Lemaître, Georges Édouard (1894–1966)
Belgian cosmologist and priest who was the original proponent of what later
became known as the Big Bang theory. Trained
as a civil engineer, he served as an artillery officer with the Belgian
army during World War I, then, in 1923, he entered a seminary, where he
was ordained a priest. From 1923 to 1924 he visited the University of Cambridge
to study solar physics and there met Arthur Eddington;
he then spent two years at the Massachusetts Institute of Technology where
he was influenced by the ideas of Edwin Hubble
and Harlow Shapley regarding the likelihood
of an expanding universe. In 1927 he returned to Belgium and was made professor
of astrophysics at the University of Louvain.
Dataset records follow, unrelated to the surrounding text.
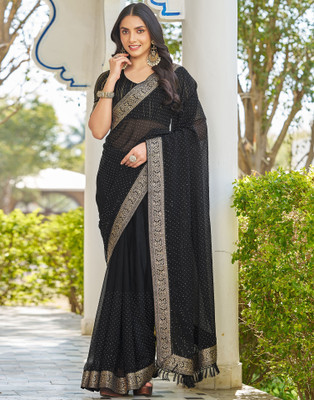 Samah Embellished, Self Design Bollywood Georgette Saree(Black)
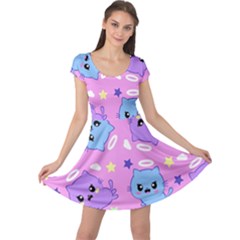 Seamless Pattern With Cute Kawaii Kittens Cap Sleeve Dress by Grandong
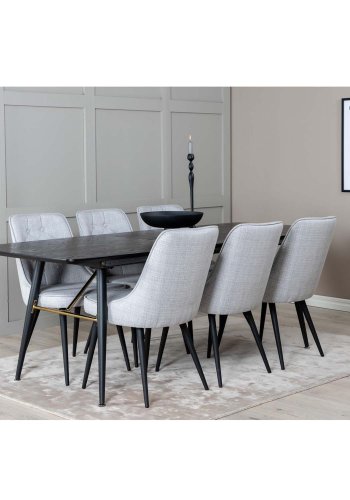 VENTURE DESIGN Velvet Deluxe spisestuestol - lys gr polyester og sort metall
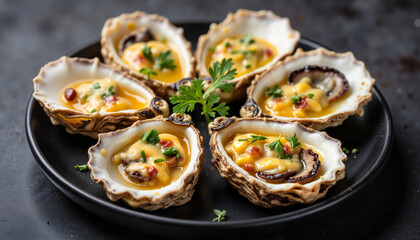 Chargrilled oysters with garlic butter in cinematic presentation, gourmet delight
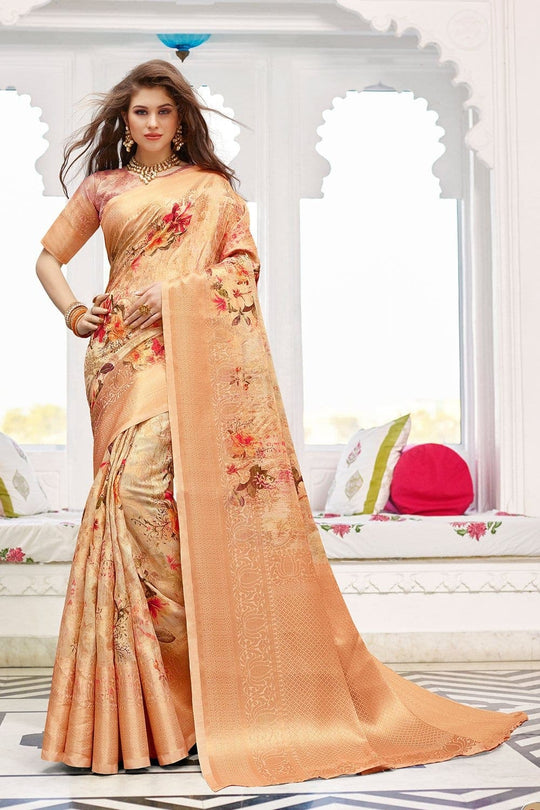 Pastel Orange Zari Woven Banarasi Saree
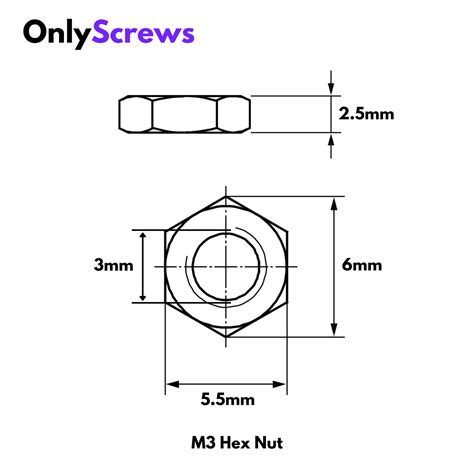 M3 Hex Nut Mild Steel with Yellow Zinc Plating(Dia. 3mm) – OnlyScrews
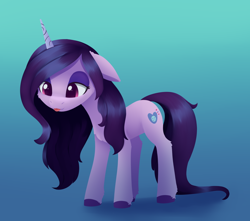 Size: 1980x1752 | Tagged: safe, artist:dusthiel, character:izzy moonbow, species:pony, species:unicorn, g5, floppy ears, goth, goth izzy, gradient background, gradient hair, multicolored hair, solo, tongue out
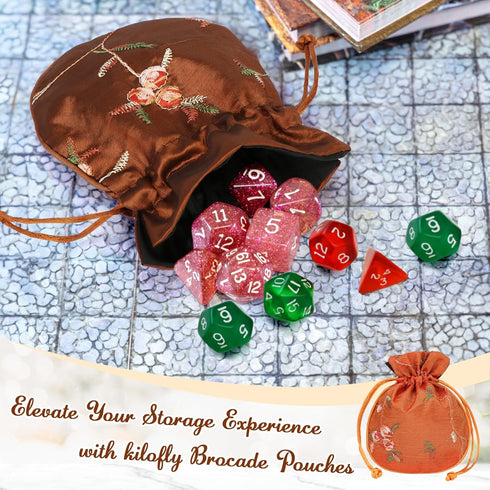 kilofly 12 Silk Coin Purse Drawstring Floral Embroidered Jewelry Bag Gift Pouch...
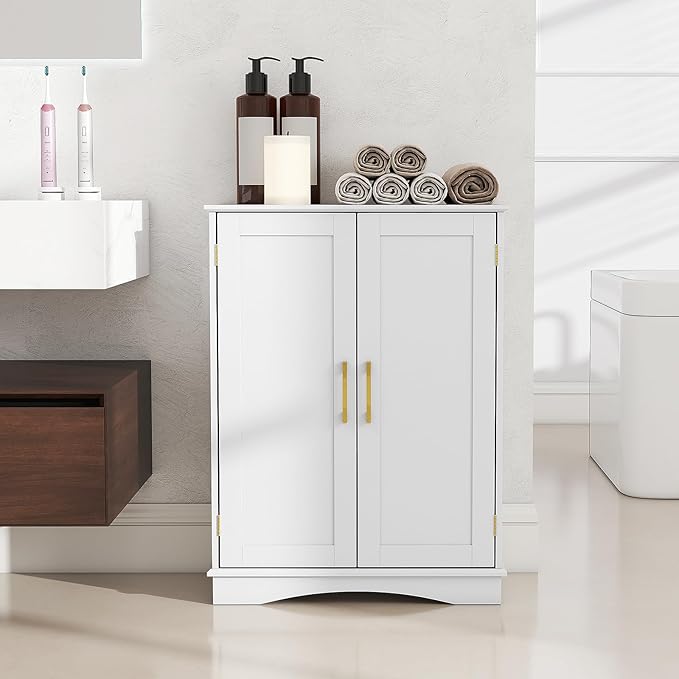 Tangkula Bathroom Floor Storage Cabinet, 31.5" H Freestanding Pantry Cabinet with 2 Doors and Adjustable Shelves, Kitchen Cupboard for Living Room, Dining Room, Bathroom (White, 31.5" H)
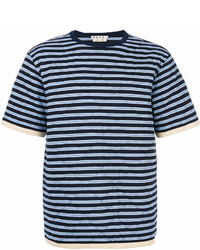 T-shirt girocollo a righe orizzontali blu scuro di Marni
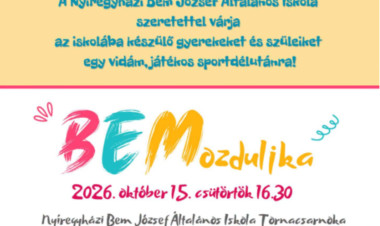 Játékos sportdélutánra várják a leendő elsősöket a Bem Iskolában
In 1933 he published his Discussion
on the Evolution of the Universe, in which he suggested that the universe
stemmed from what he called a "primeval atom." This incredibly dense initial
form, he argued, contained all the material for the universe in a sphere
about 30 times larger than the Sun. Its explosion sent matter flying all
directions and resulted ultimately in the expansion of the galaxies that
we see today. The significance of his theory lay not so much in its affirmation
of the expansion of the universe as in its presumption of an initial event
to start the expansion. In 1946, Lemaître published his Hypothesis of
the Primal Atom – the same year in which George Gamow
and his colleagues began to develop the nuclear physics of the Big Bang.